WORCESTER, Mass. -– When Neil O’Connor stepped up to the plate, the only voice he could hear was the voice of his coach, Rich Barnaby.
“This could be your last high school at bat, Neil. Make the most of it.”
O’Connor dug in to the batter’s box against St. John’s reliever Dan Barlok, who had just been chosen to replace Pioneers’ starter Steve D’Agostino. The scoreboard, nearly a straight shot from O’Connor’s vision, read 1-0. With two outs in the bottom of the sixth, the Pioneers were one out away from escaping the jam – and escaping one of the state’s most proven clutch hitters.
“That was the first thing that crossed my mind,” O’Connor said. “I didn’t want it to be my last at bat. I just wanted to pick up the rest of the team.”
O’Connor swung at the first pitch he saw, a belt high fastball that he smashed over the left field fence to give the Blue Devils a 2-1 lead. The University of New Hampshire football commit, who has long been a star on the gridiron as well as the baseball diamond, added yet another chapter to his storied athletic career in Leominster.
“I wanted to get a base hit, I knew [Barlok] was going to come in throwing strikes. I got a good piece of one. That was probably the farthest ball I ever hit –- so I guess it came at a good time,” O’Connor said, with a smile.
“He takes the first pitch and hits it over the left field fence,” Barnaby said. “He’s the best athlete I’ve coached in 15 years. It’s just fun to show up to practice and show up to games with him.”
But O’Connor’s heroics went beyond the batter’s box. In his third consecutive year pitching against the Pioneers in the Division 1 Central semifinals, O’Connor pitched a complete game for Leominster, giving up one earned run on five hits. He struck out seven and walked two, throwing 68 of his 95 pitches for a strike.
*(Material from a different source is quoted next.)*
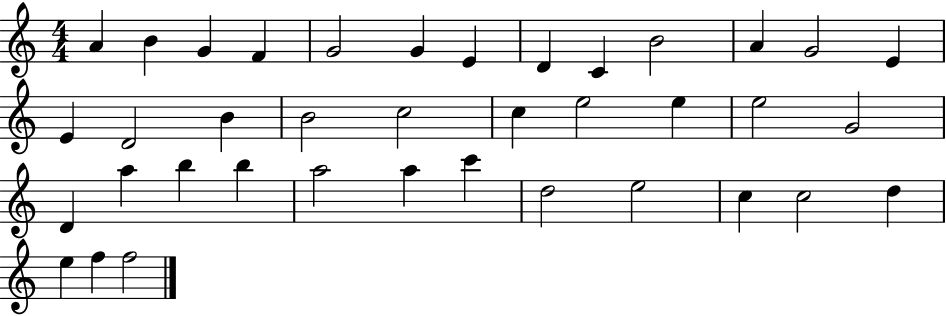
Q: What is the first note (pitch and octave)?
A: A4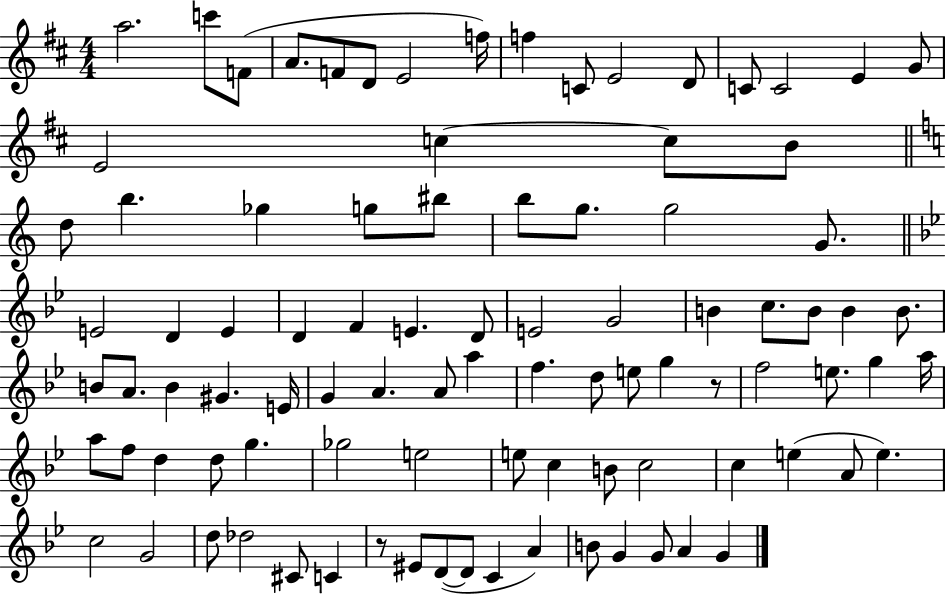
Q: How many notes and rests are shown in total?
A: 93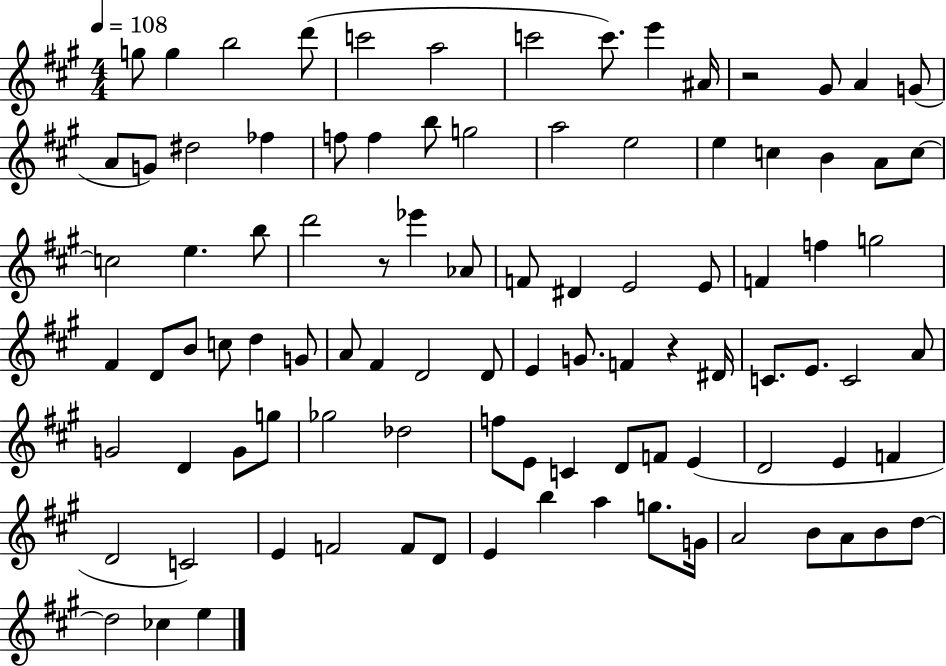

“I knew one run wasn’t going to beat us. I preached to the guys all week that bunts and execution was going to win it,” Barnaby said. “And we ended up winning on a two-run homer –- so much for that.”
D’Agostino throws a gem: The most analyzed decision of the game will likely be Eppinger’s decision to pull Pioneers’ starter Steve D’Agostino in favor of Barlok before O’Connor came up to hit. D’Agostino, a lefty who will play his college baseball at Worcester Polytechnic Institute, had 5-2/3 innings pitched. He walked two and struck out five Leominster hitters, doing so on just 70 pitches.
“Our team played very, very well and I made some decisions late that didn’t work out, so the game is on me. I told my team that -- ‘That game is on me, they don’t deserve to lose it',” Eppinger said.
Eppinger had a tough decision in choosing who to start against the Blue Devils. P.J. Browne has been the Pioneers’ ace for two years while senior lefty Charlie Murray came on strong late in the season to give the St. John’s even more depth at pitcher. In the end, Eppinger’s decision to go with D’Agostino was based off his performance against Leominster last season, when D’Agostino threw nine innings and gave up two runs to the Blue Devils.
“That was a decision that a lot of people were questioning -– that we started D’Agostino today,” Eppinger said, “We had some other guys, some very, very good pitchers, Charlie Murray and P.J. Browne, but we went with D’Agostino and he was fantastic. That was a decision we got right as a coaching staff.”
The rivalry continues: The St. John’s-Leominster rivalry has been especially fiery in recent years. The Blue Devils fell to St. John’s in the semifinals, during O’Connor’s sophomore year, before O’Connor came back to send the Pioneers packing two consecutive years -- a complete game shutout on the mound last season at Tivnan Field, to go with his Wednesday night heroics.
Eppinger was nothing but complimentary of O’Connor following the loss.
“Neil O’Connor is a tremendous competitor," Eppinger said. "In sports, a lot of athletes talk, but he backs it all up. You have to tip your cap to him, he pitched one hell of a game and had the big hit when it was necessary.”
Eppinger added: “It’s a great baseball tradition at Leominster...It’s a good area in the state, similar to Milford -- they produce great baseball players and great baseball teams year after year, from the youth level all the way up to high school. Tremendous respect for Leominster, it seems like we always see them in the playoffs.”
“The past four years we’ve met up with them in districts,” O’Connor said. “I’ve pitched the last three and I was 1-1 coming in. I just really wanted to get this, our whole team did. We’re real big rivals in football, basketball, baseball...everything.
“It was pretty heated out here. We never want to lose to them. They’re a great team, every sport is always a great battle.”